##Bab 128 Percayalah Padaku

659 78 9
                                    

Setelah Gabriel pergi, aku minum segelas jus. Setelah meminum jus, seluruh tubuh menjadi dingin. Rasa sejuk itu juga membuatku merasa jauh lebih baik.

Saat dari Perusahaan Halim kembali ke Kewell, Monica bertanya padaku, "Kak Clara, ada apa denganmu hari ini? Apakah kamu tahu betapa menakutkannya kamu ketika kehilangan kesabaran?"

Aku menggerakkan sudut mulutku. Aku benar-benar merasa canggung. "Maaf, aku sedang dalam suasana hati yang buruk. Saat sesuatu terjadi lagi, aku tidak bisa mengendalikan emosiku."

Monica tersenyum dan berkata, "Sedang dalam suasana hati yang buruk? Ini mudah ditangani. Aku akan mengajakmu ke suatu tempat setelah pulang kerja, aku yakin kamu akan merasa bahagia."

Sepulang kerja, Monica menarikku ke dalam taksi.
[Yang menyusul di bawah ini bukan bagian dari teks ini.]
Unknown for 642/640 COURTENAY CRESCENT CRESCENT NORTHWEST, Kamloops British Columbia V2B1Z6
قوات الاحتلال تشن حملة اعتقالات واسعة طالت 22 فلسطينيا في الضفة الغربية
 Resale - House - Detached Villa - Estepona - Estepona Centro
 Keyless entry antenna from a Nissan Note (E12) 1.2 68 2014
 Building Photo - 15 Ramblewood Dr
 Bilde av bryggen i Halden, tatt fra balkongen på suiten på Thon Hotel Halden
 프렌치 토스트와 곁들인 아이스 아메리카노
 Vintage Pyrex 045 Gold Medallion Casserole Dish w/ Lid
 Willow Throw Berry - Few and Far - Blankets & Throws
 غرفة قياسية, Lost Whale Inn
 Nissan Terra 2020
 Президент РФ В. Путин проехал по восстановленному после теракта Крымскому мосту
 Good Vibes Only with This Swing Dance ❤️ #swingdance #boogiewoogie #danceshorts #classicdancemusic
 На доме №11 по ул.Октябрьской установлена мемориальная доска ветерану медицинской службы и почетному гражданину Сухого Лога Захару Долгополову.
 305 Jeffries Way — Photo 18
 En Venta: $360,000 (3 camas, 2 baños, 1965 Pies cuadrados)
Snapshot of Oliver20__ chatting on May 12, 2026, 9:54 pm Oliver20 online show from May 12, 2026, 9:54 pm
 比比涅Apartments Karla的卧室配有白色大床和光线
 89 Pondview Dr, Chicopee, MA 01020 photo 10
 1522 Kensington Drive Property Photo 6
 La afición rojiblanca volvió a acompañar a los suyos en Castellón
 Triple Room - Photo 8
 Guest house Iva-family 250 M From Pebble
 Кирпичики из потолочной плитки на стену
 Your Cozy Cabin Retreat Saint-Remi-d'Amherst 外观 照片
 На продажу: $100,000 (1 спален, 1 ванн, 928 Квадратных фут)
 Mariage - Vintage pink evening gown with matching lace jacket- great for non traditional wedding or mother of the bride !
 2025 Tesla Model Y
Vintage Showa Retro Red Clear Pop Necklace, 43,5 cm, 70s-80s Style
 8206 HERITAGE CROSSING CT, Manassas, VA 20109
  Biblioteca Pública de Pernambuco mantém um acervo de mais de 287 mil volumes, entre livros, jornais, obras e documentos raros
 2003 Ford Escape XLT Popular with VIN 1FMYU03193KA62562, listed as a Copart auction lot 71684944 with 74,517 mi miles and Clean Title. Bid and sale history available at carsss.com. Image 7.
Aku menelepon Bibi Lani dan memintanya untuk menjemput Denis dari TK. Sementara aku diseret oleh Monica ke tempat yang belum pernah aku kunjungi sebelumnya.

Tempat itu bernama "Chaco", Monica langsung membayar uang dan menarikku masuk.

Pelayan membawa kami ke sebuah ruangan di mana ada beberapa figur plastik biru yang setinggi orang sungguhan. Monica memakai sarung tangan dan melayangkan dua pukulan ke salah satu figur plastik, lalu berkata kepadaku sambil tersenyum, "Ayo, beberapa pukulan akan membuatmu merasa nyaman."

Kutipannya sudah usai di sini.